Müslümanlar olarak bizlerin yaşadığı duyarsızlıklar sadece İslam dünyasında meydana gelen olaylarla sınırlı değildir. Ülkemizde yaşadığımız birçok olayda da benzer durumlarla karşılaşmaktayız. Bazen, belki İslam’ın engin güzelliklerinden nasibi olmayanların, İslam’ın ana umdelerine karşı yapmış oldukları hakaretler karşısında samimi Müslümanların ortaya koyduğu tepkilere eşlik edebiliyor muyuz? Yoksa gösterilen tepkileri sadece izliyor muyuz? Mesela, manevi değerlere karşı hakaret edenleri izlerken sol tarafımız cız ediyor mu? Cız etmek bir tarafa, onların ürettiği ürünlere itibar etmeye devam mı ediyoruz? Türkiye’de de oldukça etkin olan, İsrailli bayan askerlere Gazzeli Müslümanları iyi öldürdünüz, size bunun için hediye vermek istiyoruz diyen firmanın mallarını elimize aldığımızda yüreğimize şehit kardeşlerimizin kanlarının damladığını hissedebiliyor muyuz? Diğer taraftan İslam dünyasının bir meselesi için meydanlara çıkıp haykırıldığında biz, sadece izleyen mi yoksa haykıran mı oluyoruz?

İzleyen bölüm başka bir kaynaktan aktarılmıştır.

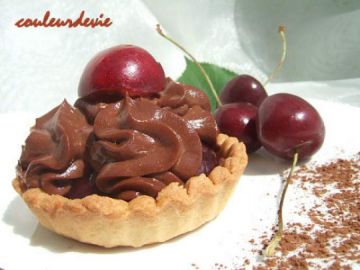Tartelettes aux cerises et mousse mascarpone-chocolat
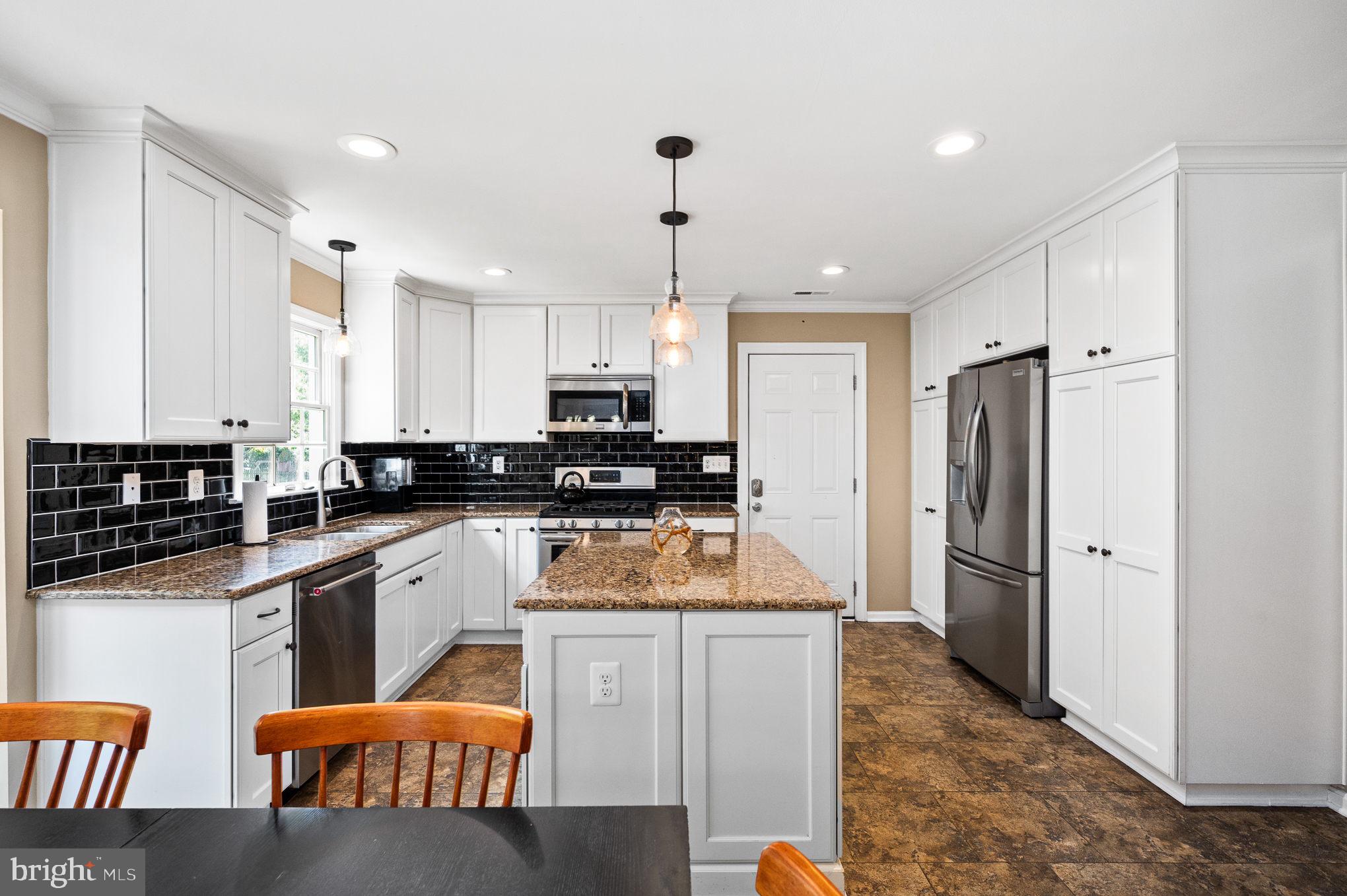 HAMPTON OAKS - Residential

Özellikle ülkemizde Ramazan ayında şehirlerimizin merkezlerine çıkıp şöyle bir yürüyelim. Müslüman olduğunu söyleyen, nüfus cüzdanında dini İslam yazan, belki cumalara veya bayram namazlarına camiye giden kişilerin Müslüman kardeşleriyle alay eder gibi oruç yediklerine şahit olunduğunda bir Müslüman olarak herkesin tercihi kendine diyerek manevi değerleri alaya alan söz konusu kişilere karşı duyarsız mı kalmalıyız? Birileri çıkıp, efendim herkesin oruç tutup-tutmama hakkı vardır, herkes hesabını kendi verecek şeklinde bir değerlendirmeyle karşımıza gelebilmektedir. Meseleye oruç tutmayanlar açısından bakan söz konusu kişilere, oruç tutanların dini yaşama hürriyetlerini hatırlatma duyarlılığını gösterebiliyor muyuz? Marketlerde alış-veriş yaparken hangi firmanın İslam düşmanı hangisinin ise dostu olduğunu bilme ve tercihimizi dost olanlar yönünde kullanma iradesi tezahür ettirebiliyor muyuz?

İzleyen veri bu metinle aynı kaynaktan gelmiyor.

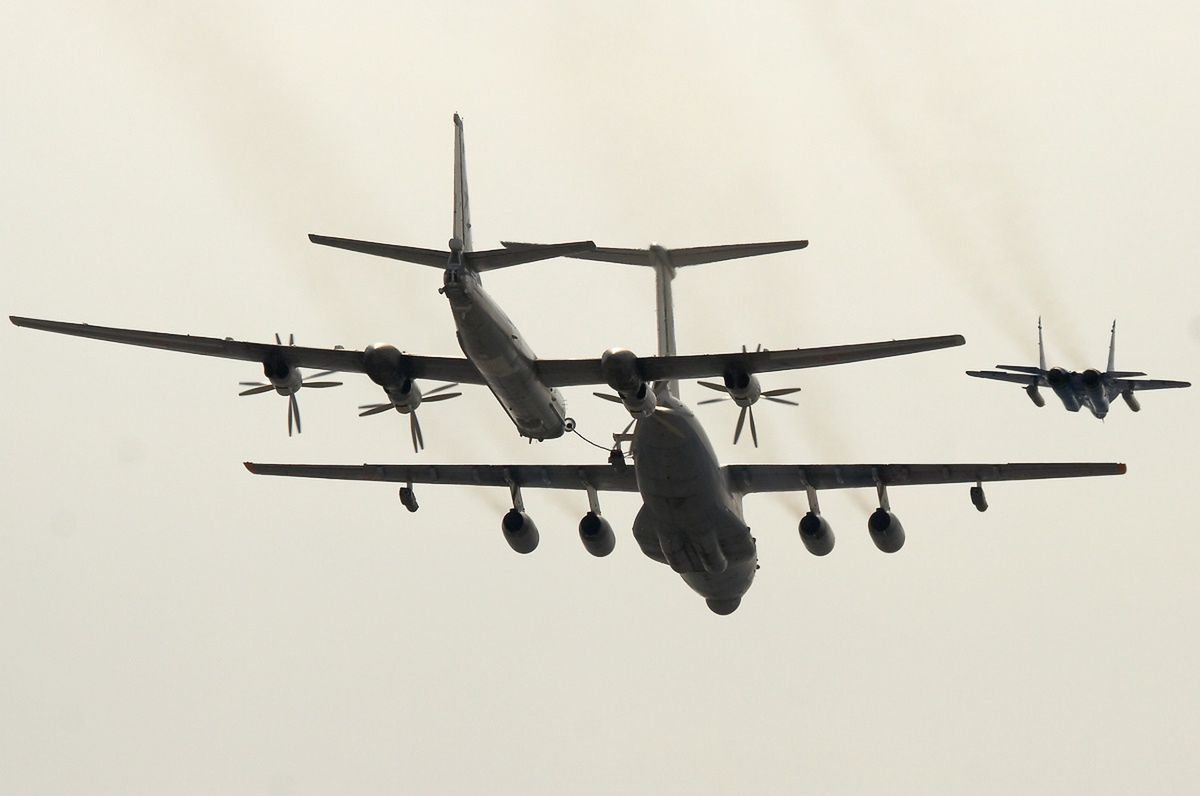 Tu-95 - overview picture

Örnekleri hayatımızın her alanında artırmak mümkündür. Ancak önemli olan duyarsızlaşmanın kaynağının nereden meydana geldiğini ve giderilmesi için nelerin yapılması gerektiğidir. Bir Müslümanın duyarlılığını zayıflatan en önemli amil dünyevileşmesidir. Eğer bir Müslüman, dünya hayatının tadını almış ve peşinden koşmaya başlamışsa, ahirete yönelik faaliyetler ona zor, meşakkatli hatta yapılması imkânsız eylemler olarak gelecektir. Çünkü ahiret hayatı gözümüzün önünden tutulursa, dünyanın zevk ve saltanatı peşinde koşmayacak, dini yaşama adına daha fazla gayret edecek, eğer imkân varsa Müslüman kardeşlerimizin halleriyle hallenme yolunu tutacağız. Tarihsel süreç içinde de görüldüğü üzere, dünya nimetleri içinde kendini ve asli amacını kaybeden Müslümanların din diye bir dertlerinin kalmadığını, en azından zayıfladığını ifade etmek gerekir.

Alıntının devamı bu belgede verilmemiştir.